We must have adequate data on everyone. We call on the Lagos State Government to be vigilant and take proper punitive measures on bad eggs within the security agencies.”

 

We are ready for influx of Lagos Okada riders – Ogun

 

Police In a chat with Sunday Telegraph, the Spokesman of Ogun State Police Command, Abimbola Oyeyemi, explained that plans had been perfected to check whatever excesses that may accompany the ban on Okada operations in Lagos, owing to its proximity to Ogun State.

 

“We are aware of it and we are not oblivious of the fact that a ban has been placed on the operations of Okada riders in Lagos. We are very much prepared for the possible security implications for Ogun State.

 

And we’ve been taking series of measures to check that. One of these measures is the on-going registration exercise. Every Okada man in Ogun State must have his name in our database. Each registered person also gets a code number.

 

So, if they commit any crime, we just check our database and get them arrested. “Once a new person comes, they have a particular place where they operate. The chairman of the Okada riders association must ensure they get registered. We have their names and we capture them biometrically. So, we don’t have any problem arresting and prosecuting anyone that commits a crime.”

 

Ban without human face may raise crime rate -Security

 

Expert For a security expert, Dickson Osagie, the ban on the operations of thousands Okada riders will only worsen the security situation in Lagos. “Well, for me, I think the security implications will be very high because most of these guys will start getting employment from the criminal industry. We are just good at responsive mechanisms.

 

Before you take them out of our roads, did you ask each of them to bring their bikes and pay them four times the value of their bikes? You have simply denied them their means of daily earnings by telling them to find another means of income without providing alternatives.

 

To be very honest, I think the crime rate will be very high. Lagos State is a state making a lot of billions and we don’t know where the money is going. We have bad roads everywhere. Most of these businessmen in Apapa, Oshodi mount bikes around.

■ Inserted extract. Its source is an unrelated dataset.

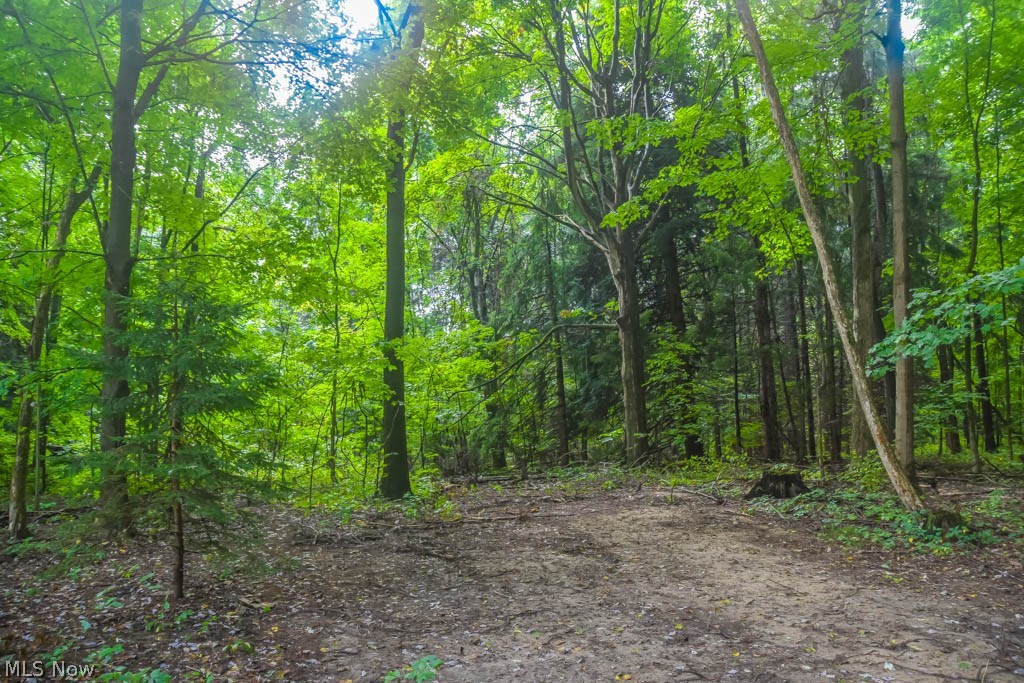 Rootstown - Residential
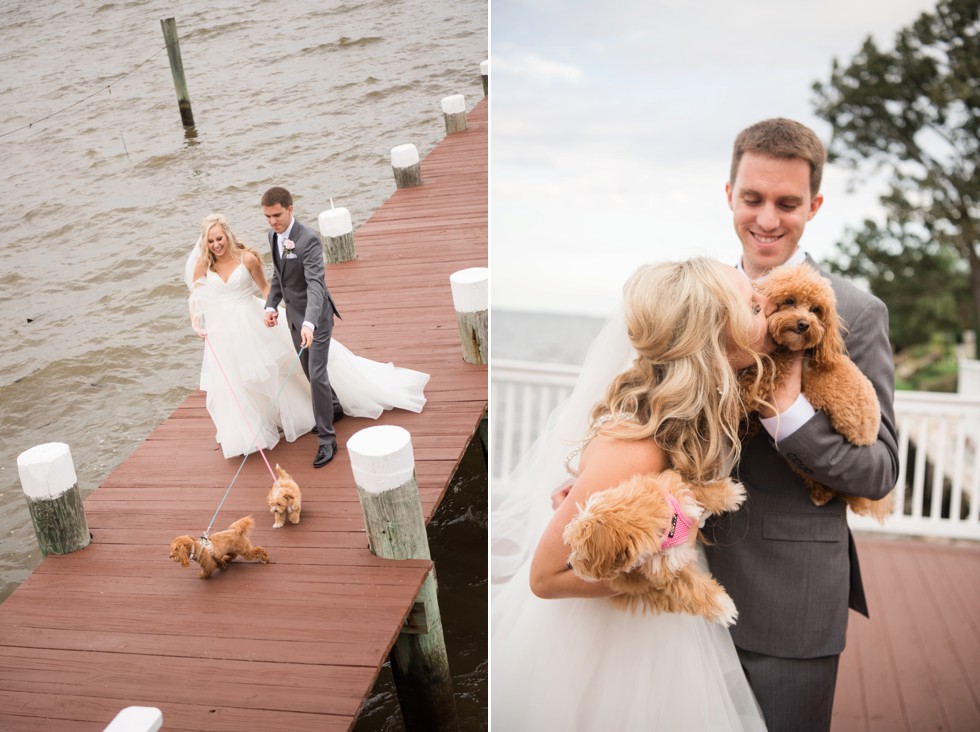 Maryland waterfront wedding couple with puppies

They just want to get to their destinations quickly.

 

Even though some of these bike men use their motorcycles to commit crimes, majority of them want to earn a living. They don’t want to commit crime. A jobless citizen is a potential threat to the state and the Federal Government. If the state government is taking out these Okada riders from our roads, they should be ready for more potential criminals to come on board and they should be ready to manage it with speed and momentum,” he told Sunday Telegraph.